ADVENT #24 — 9-track tape

A graphic with the names of the media featured in this series
Day 24: 9-track tape

’twas the night before Christmas, when all through the house / Not an input was pending, not even a mouse; / The tapes were all hung by the the ….

Neither you nor I want me to continue down the path of novelty poetry, especially through all that new-fallen snow. I can’t be sure that the famous 1823 poem “A Visit from St. Nicholas” inspired Babbage’s 1837-era Analytical Engine but I have my suspicions. The poem’s influence on later computing systems is indisputable. So much computing and nowhere is the influence plainer than here: “When what to my wondering eyes did appear, But a miniature sleigh and eight tiny rein-deer, With a little old driver so lively and quick, I knew in a moment he must be St. Nick.” A flying head for eight bits? With a quick driver? By a Saint? A coincidence that we still call SCSI tape devices /dev/st*? Hardly.

A lot has changed in the two hundred and one years since that poem revolutionized computing and marked out territory for the 8-bit byte over the 6-bit form that lesser systems would have us use. One big change is that we no longer name the bits in a bytes after Santa’s reindeer, instead using the humdrum system of least-significant bit to most-significant. Back when we used the reindeer system, I used to sometimes confuse Comet and Cupid bit positions.

I wonder if you recall Rudolph, the most famous reindeer of all. Rudolph, reindeer number nine, represents the parity bit in the system. This makes perfect sense when you recall that his red nose lights up only about half the time.

Rudolph demonstrates parity function for a curious elf (Image public domain via Wikipedia)

It’s Rudolph’s contribution that really put the then-new IBM 360 mainframe and its associated 9-track tape system over the top in 1964. The famous stop-motion Rudolph TV special was released the same year. What else do IBM mainframes and mid-century stop-motion TV specials have in common? The single step. Operators at the console of a System 360 mainframe could single step the machine with a handy knob. I suppose you could also individually pose each card in the card reader before steps but this is a tedious way to debug and/or make a children’s TV special.

I was only a user of an IBM mainframe for a semester of numerical analysis in FORTRAN and that was quite enough for me. My experience with 9-track tape predates that. My first job that was not a cash-under-the-table food service thing was as an evening lab aide in a community college computer lab. One of the end-of-the-night duties was backing up the department’s HP 3000 Series 33 minicomputer. High school student me had been trained on the commands and the manual tape loading required. I knew how to thread the tape from the spool, through the drive, and onto the take-up spool. I had not been trained for what happened on my first night, which is that the take-up spool flew off the spindle and sent tape flying everywhere. I somehow wasn’t fired and I lived to run many successful backups on the system.

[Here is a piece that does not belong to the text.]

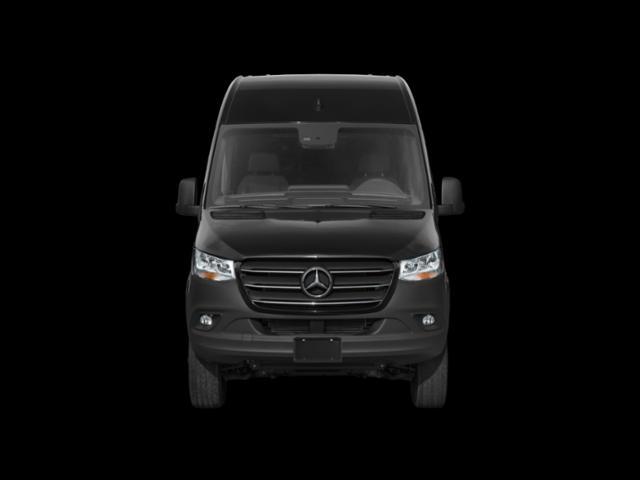 new 2024 Mercedes-Benz Sprinter 2500 car, priced at $69,289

The experience soured me on 9-track tape and on HP’s miserable MPE operating system, but not on computing, tape, or removable media generally.

One of the most remarkable things about the 9-track tape was that the seal clamp had an integrated hook that let the tapes hang like bats on special tape rack furniture. We’ve covered a lot of media in the last month but entirely skipped the associated ecosystem of media-specific furniture. Media furniture ran from room-sized tape racks to desktop floppy disk organizers and smart little smart card wallets for removable digital camera media. I think about it every time I shop for an attractive storage solution for my own LP records.

No Alice hacking today — it’s Christmas Eve. May there be some removable media under the tree for you all.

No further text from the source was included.